[[ DATA PROVIDED open ]]

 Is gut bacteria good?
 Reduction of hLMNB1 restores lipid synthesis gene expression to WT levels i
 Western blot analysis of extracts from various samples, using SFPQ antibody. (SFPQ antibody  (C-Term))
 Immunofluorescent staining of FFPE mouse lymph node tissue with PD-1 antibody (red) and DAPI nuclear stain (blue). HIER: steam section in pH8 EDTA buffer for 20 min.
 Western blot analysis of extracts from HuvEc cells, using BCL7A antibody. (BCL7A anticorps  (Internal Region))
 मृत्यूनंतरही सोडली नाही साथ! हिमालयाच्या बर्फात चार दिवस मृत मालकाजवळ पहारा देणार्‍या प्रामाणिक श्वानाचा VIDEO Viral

[[ DATA PROVIDED closed ]]
[[ DATA PROVIDED open ]]

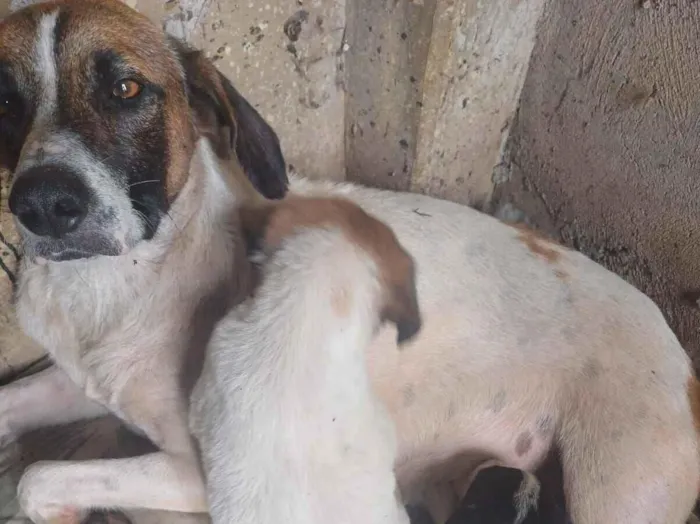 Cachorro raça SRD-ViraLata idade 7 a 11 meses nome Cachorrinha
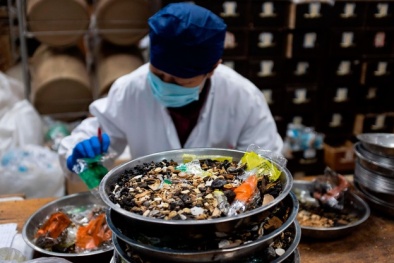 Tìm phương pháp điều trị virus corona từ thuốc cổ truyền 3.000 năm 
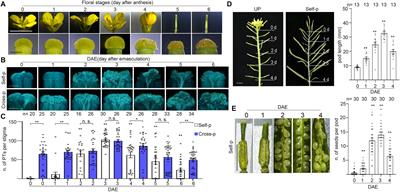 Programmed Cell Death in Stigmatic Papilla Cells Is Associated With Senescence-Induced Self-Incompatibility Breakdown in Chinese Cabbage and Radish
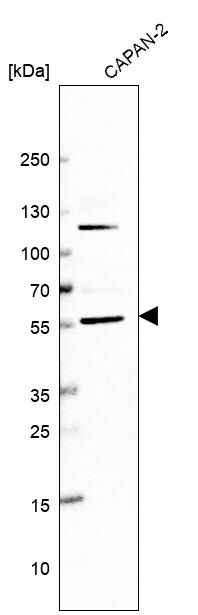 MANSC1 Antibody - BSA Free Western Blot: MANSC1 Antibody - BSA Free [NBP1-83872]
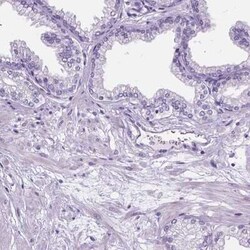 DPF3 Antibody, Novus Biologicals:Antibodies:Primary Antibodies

[[ DATA PROVIDED closed ]]
[[ DATA PROVIDED open ]]

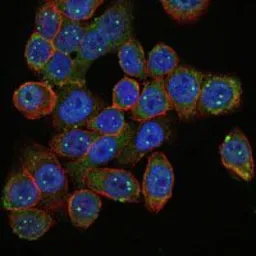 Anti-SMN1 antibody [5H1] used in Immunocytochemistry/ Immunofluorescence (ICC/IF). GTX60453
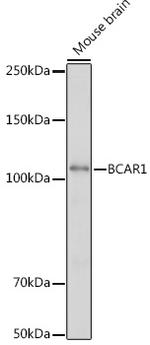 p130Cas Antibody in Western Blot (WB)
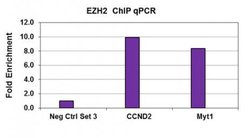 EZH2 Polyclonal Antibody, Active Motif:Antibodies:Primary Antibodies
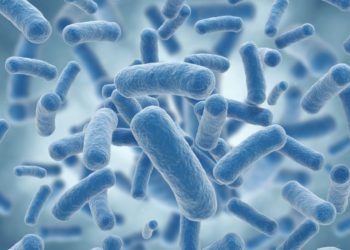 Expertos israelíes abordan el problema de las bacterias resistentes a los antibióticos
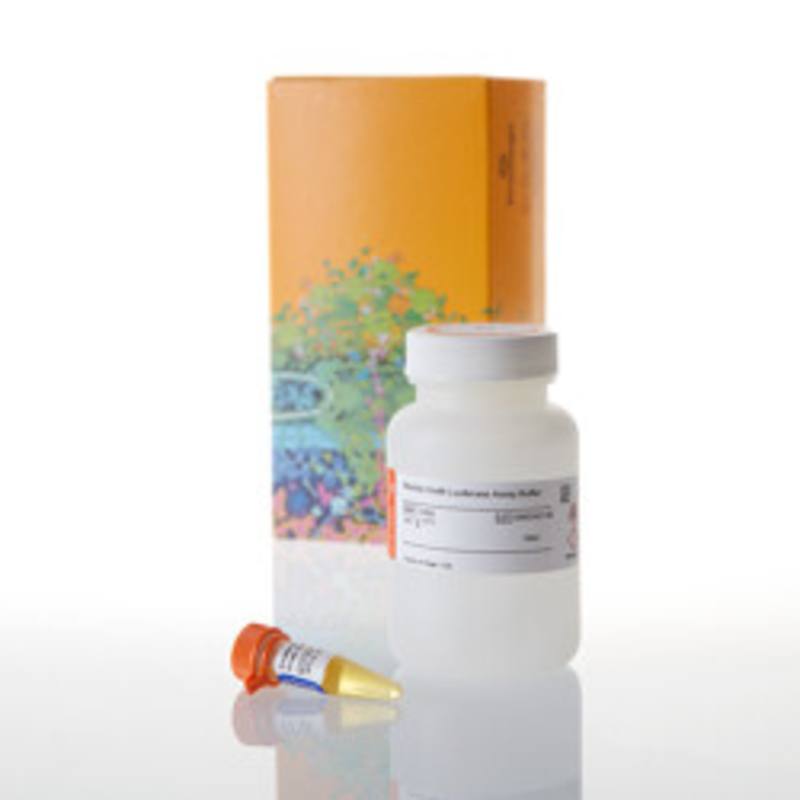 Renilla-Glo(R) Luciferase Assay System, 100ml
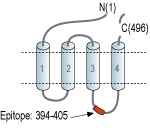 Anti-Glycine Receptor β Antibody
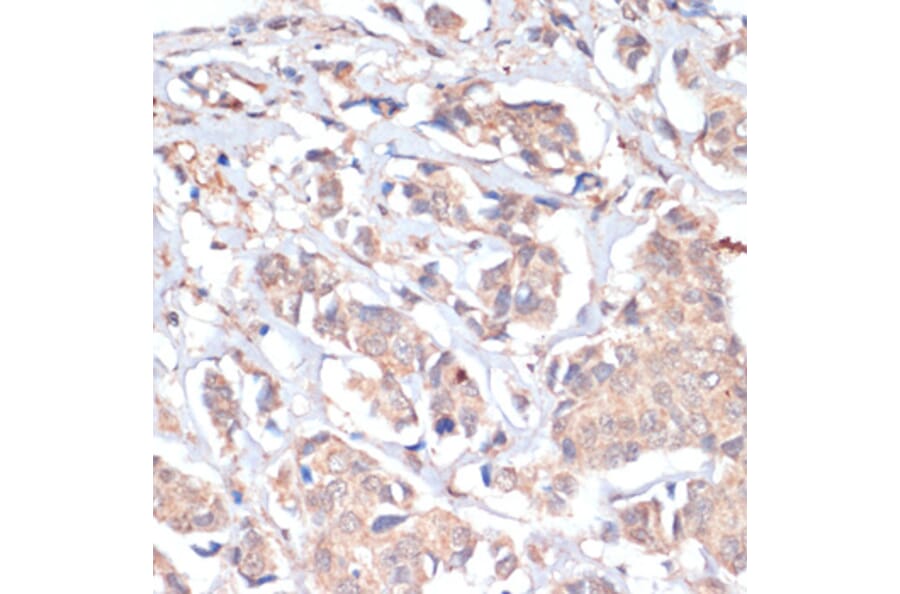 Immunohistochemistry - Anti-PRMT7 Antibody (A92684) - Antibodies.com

[[ DATA PROVIDED closed ]]

Would you retype exactly the lines above, from the line with "Western blot analysis of extracts from various" to the line with "मृत्यूनंतरही सोडली नाही", with both end lines kept and nothing more?

 Western blot analysis of extracts from various samples, using SFPQ antibody. (SFPQ antibody  (C-Term))
 Immunofluorescent staining of FFPE mouse lymph node tissue with PD-1 antibody (red) and DAPI nuclear stain (blue). HIER: steam section in pH8 EDTA buffer for 20 min.
 Western blot analysis of extracts from HuvEc cells, using BCL7A antibody. (BCL7A anticorps  (Internal Region))
 मृत्यूनंतरही सोडली नाही साथ! हिमालयाच्या बर्फात चार दिवस मृत मालकाजवळ पहारा देणार्‍या प्रामाणिक श्वानाचा VIDEO Viral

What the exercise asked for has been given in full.